ACTION ITEM: Starting at the line that contains "lb. Load Rating", write out every line through the end of the records below exactly as it appears, and leave out all pictures.

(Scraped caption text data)
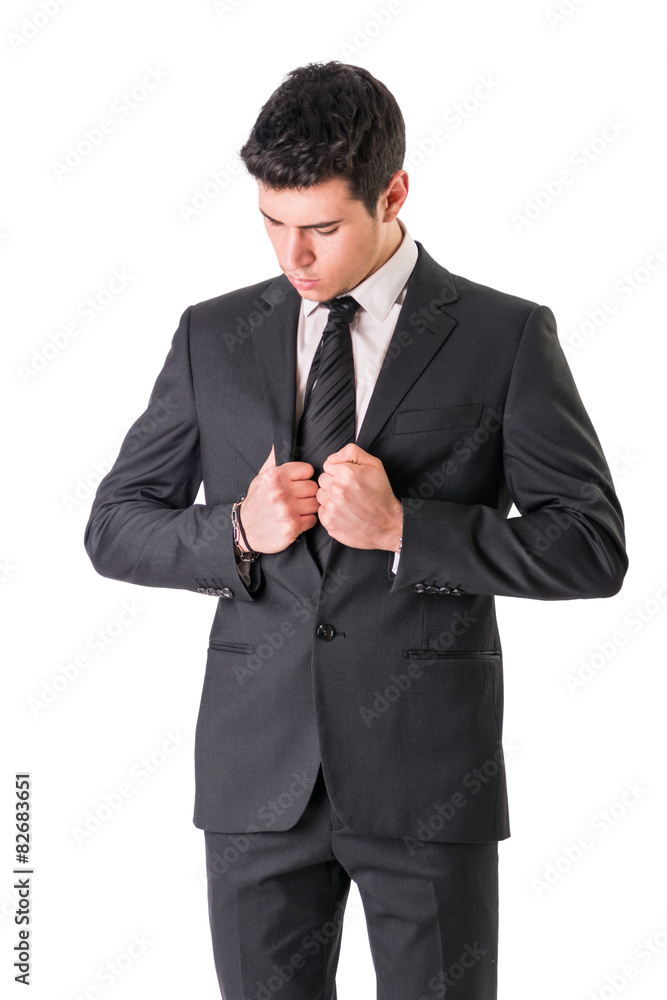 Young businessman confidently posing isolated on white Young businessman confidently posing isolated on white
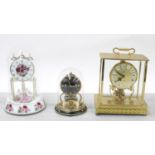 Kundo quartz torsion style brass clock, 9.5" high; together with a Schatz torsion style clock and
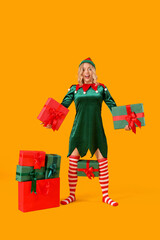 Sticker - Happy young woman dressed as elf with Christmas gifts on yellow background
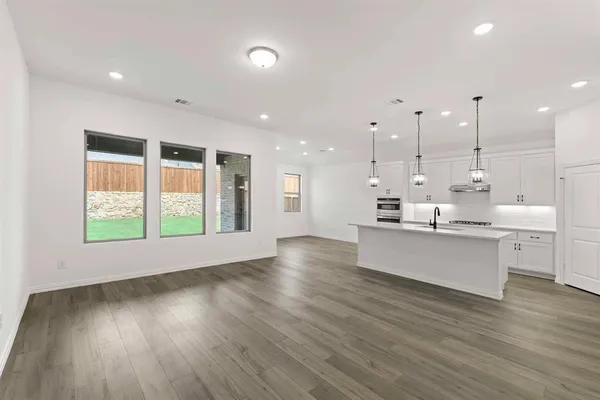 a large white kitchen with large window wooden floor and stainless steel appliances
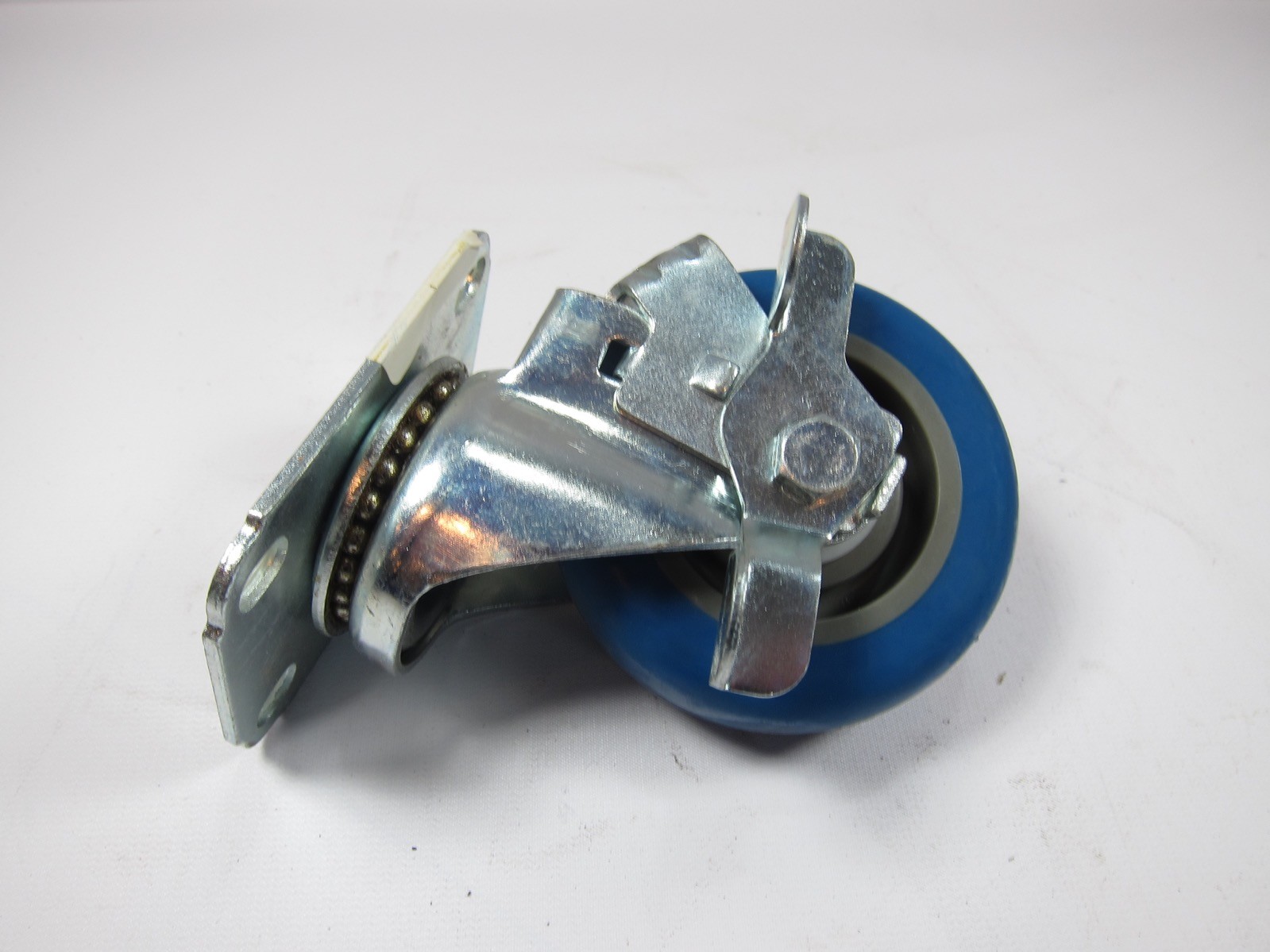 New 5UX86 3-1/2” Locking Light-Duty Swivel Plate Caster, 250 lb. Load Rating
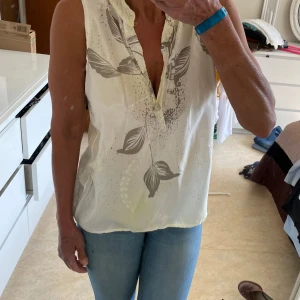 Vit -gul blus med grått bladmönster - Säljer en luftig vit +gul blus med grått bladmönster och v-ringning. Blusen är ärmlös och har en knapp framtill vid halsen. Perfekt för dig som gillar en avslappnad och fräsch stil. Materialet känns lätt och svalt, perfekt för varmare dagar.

OUTPUT OF THE TASK:
 New 5UX86 3-1/2” Locking Light-Duty Swivel Plate Caster, 250 lb. Load Rating
 Vit -gul blus med grått bladmönster - Säljer en luftig vit +gul blus med grått bladmönster och v-ringning. Blusen är ärmlös och har en knapp framtill vid halsen. Perfekt för dig som gillar en avslappnad och fräsch stil. Materialet känns lätt och svalt, perfekt för varmare dagar.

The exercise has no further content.